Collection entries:
BEGIN
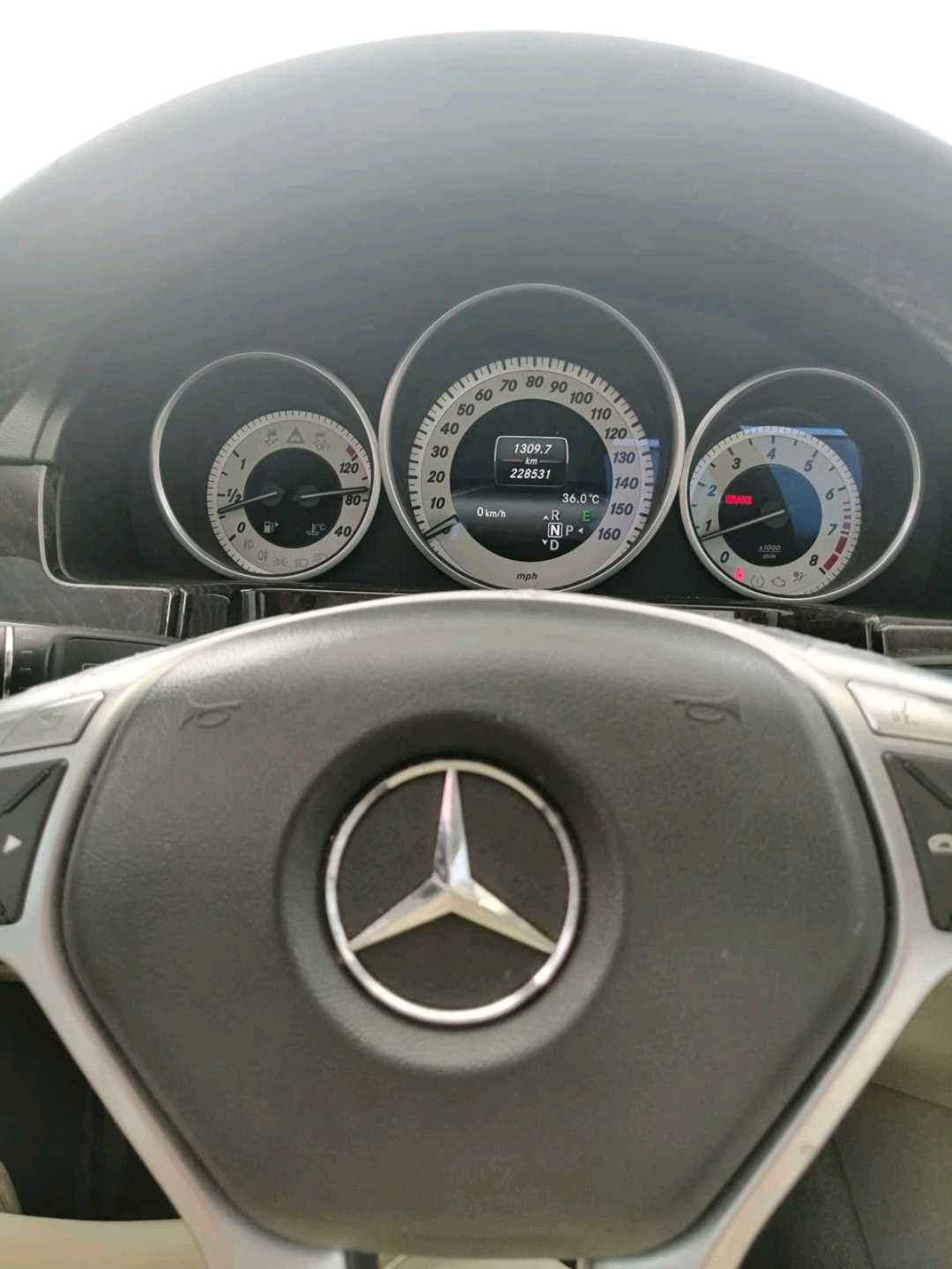 Car Image 2014 MERCEDES E Class 350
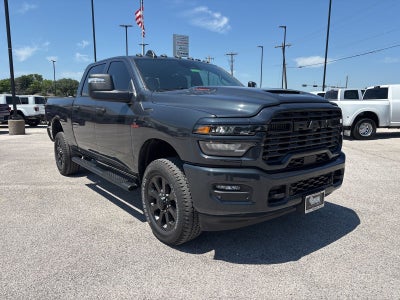 2026 RAM Ram 2500 RAM 2500 BLACK EXPRESS CREW CAB 4X4 6'4' BOX
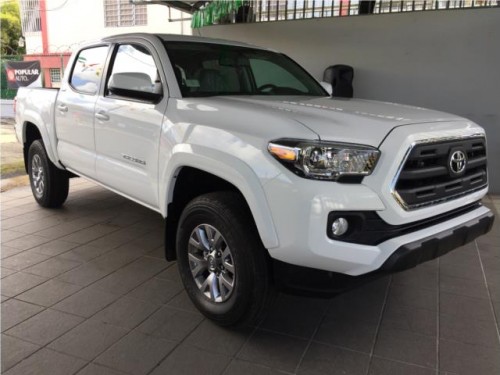 TOYOTA TACOMO SR5 2017 AUT 4PTAS EQUEPATA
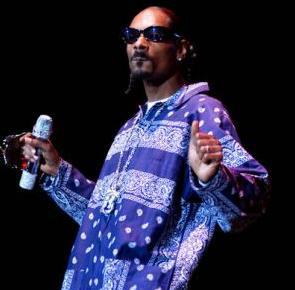 Snoop Dogg on stage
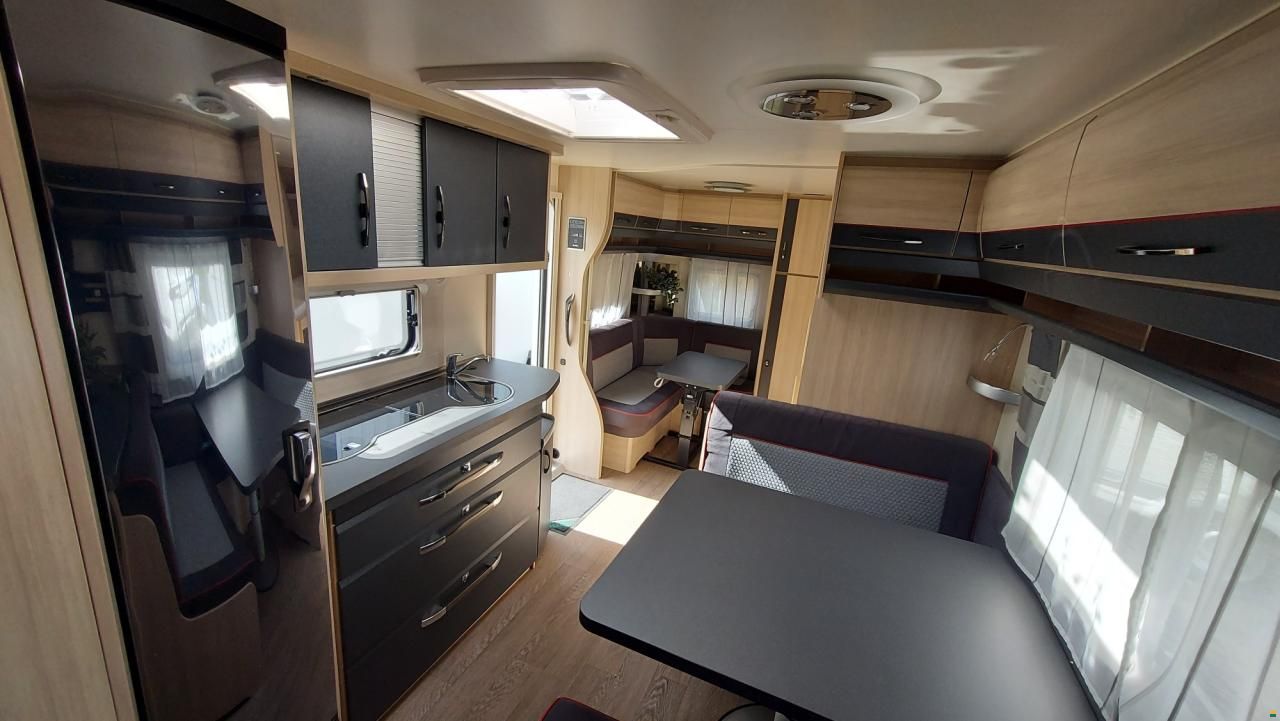 Hobby De Luxe Edition 650 KMFe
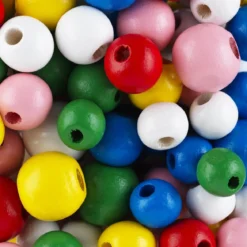 Träpärlor i färgglad mix, Ø10–14 mm. 80 gram, cirka 120–140 pärlor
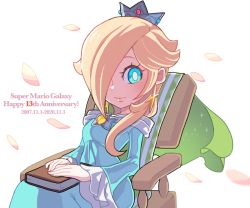 Rule 34 | 1girl, anniversary, blue eyes, book, book on lap, bright pupils, brooch, chair, crown, dress, hair over one eye, hoshikuzu pan, jewelry, long sleeves, mario (series), nintendo, petals, rocking chair, rosalina, sitting, smile, solo, super mario galaxy, white background, white pupils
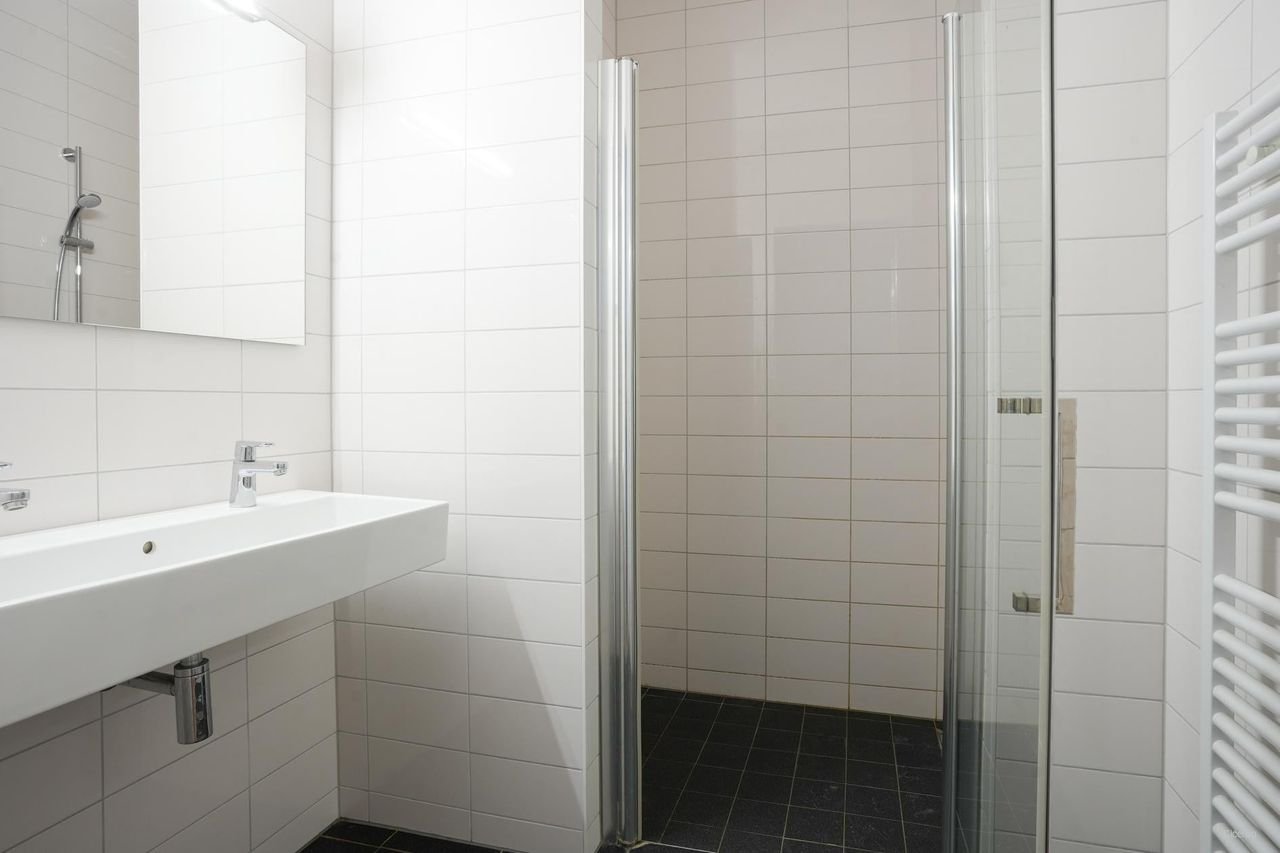 Modern apartment with terrace in Sphinx - Image 7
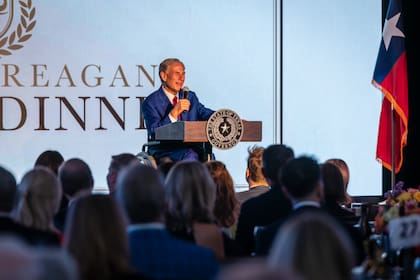 El reconocimiento destaca su gestión conservadora y, especialmente, la implementación del programa de elección escolar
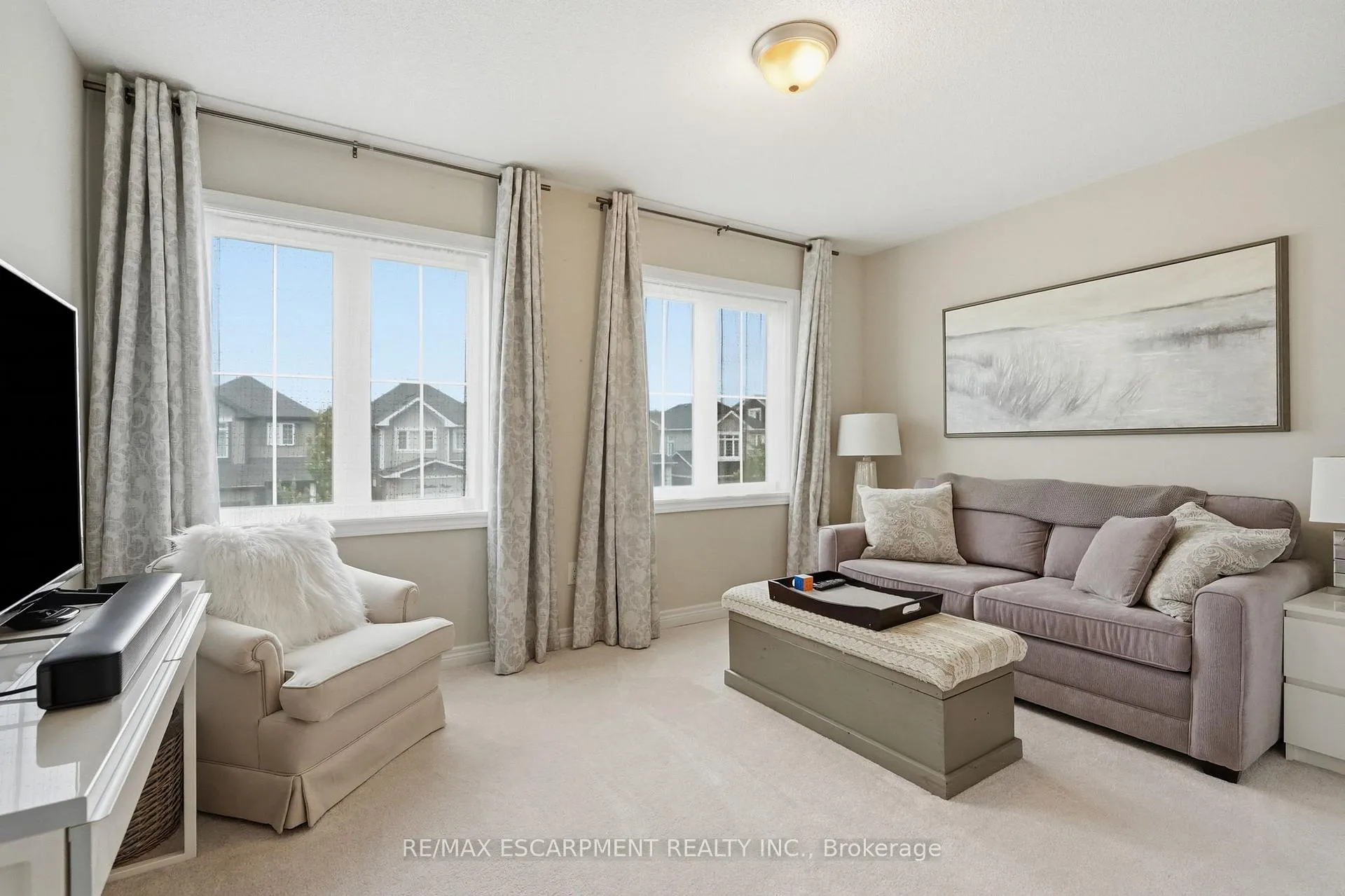 Photo 23 of 27 Robbins Ridge, Brant, Paris — HOMEH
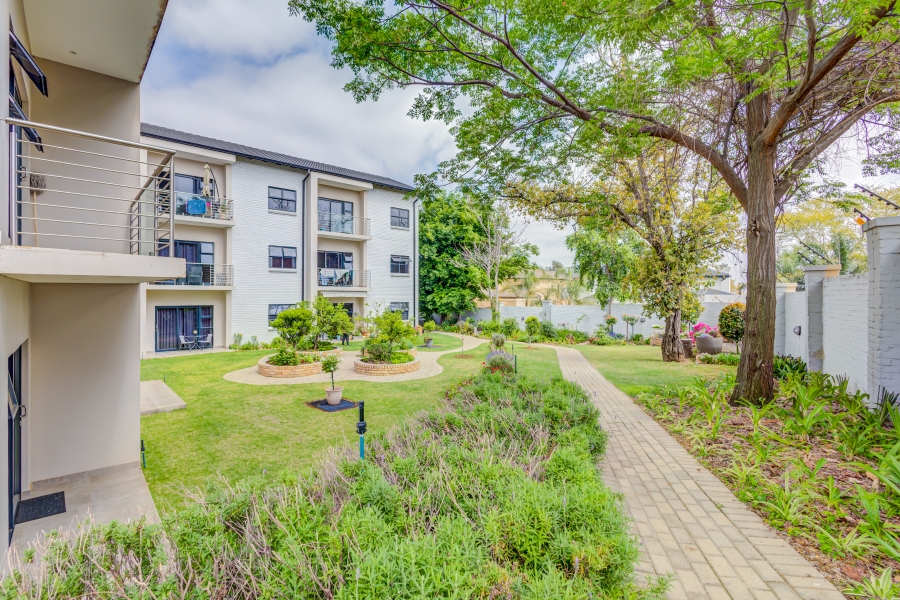 To Let 2 Bedroom Property for Rent in Beverley Gauteng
END
◆ The problem:
Both the line above containing "2026 RAM Ram" and the line containing "Rule 34 | 1girl, anniversary, blue" belong in the copy, along with every line between them; print these exactly and omit the pictures.

◆ Task result:
 2026 RAM Ram 2500 RAM 2500 BLACK EXPRESS CREW CAB 4X4 6'4' BOX
 TOYOTA TACOMO SR5 2017 AUT 4PTAS EQUEPATA
 Snoop Dogg on stage
 Hobby De Luxe Edition 650 KMFe
 Träpärlor i färgglad mix, Ø10–14 mm. 80 gram, cirka 120–140 pärlor
 Rule 34 | 1girl, anniversary, blue eyes, book, book on lap, bright pupils, brooch, chair, crown, dress, hair over one eye, hoshikuzu pan, jewelry, long sleeves, mario (series), nintendo, petals, rocking chair, rosalina, sitting, smile, solo, super mario galaxy, white background, white pupils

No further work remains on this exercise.